- [DATA FOR THE TASK]
--------------------------------

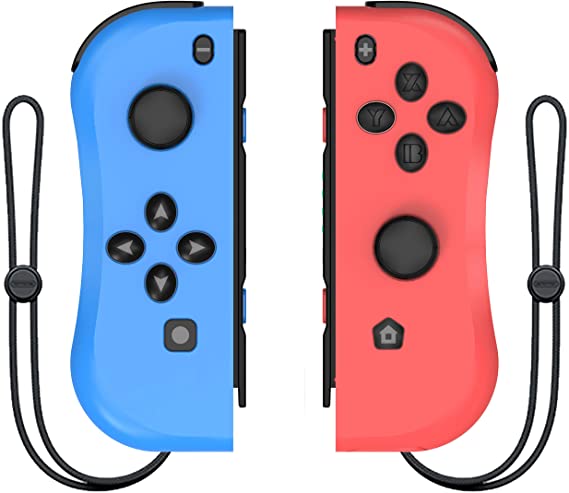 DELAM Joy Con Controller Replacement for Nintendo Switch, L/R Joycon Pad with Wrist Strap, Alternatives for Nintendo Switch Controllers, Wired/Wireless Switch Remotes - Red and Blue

--------------------------------

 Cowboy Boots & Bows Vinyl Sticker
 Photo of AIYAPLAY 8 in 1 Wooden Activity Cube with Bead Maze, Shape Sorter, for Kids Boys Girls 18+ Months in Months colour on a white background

--------------------------------

Look through the data above and return exactly the lines from the one that contains "Cowboy Boots & Bows Vinyl Sticker" to the one that contains "Photo of AIYAPLAY", inclusive, with nothing else.

 Cowboy Boots & Bows Vinyl Sticker
 Photo of AIYAPLAY 8 in 1 Wooden Activity Cube with Bead Maze, Shape Sorter, for Kids Boys Girls 18+ Months in Months colour on a white background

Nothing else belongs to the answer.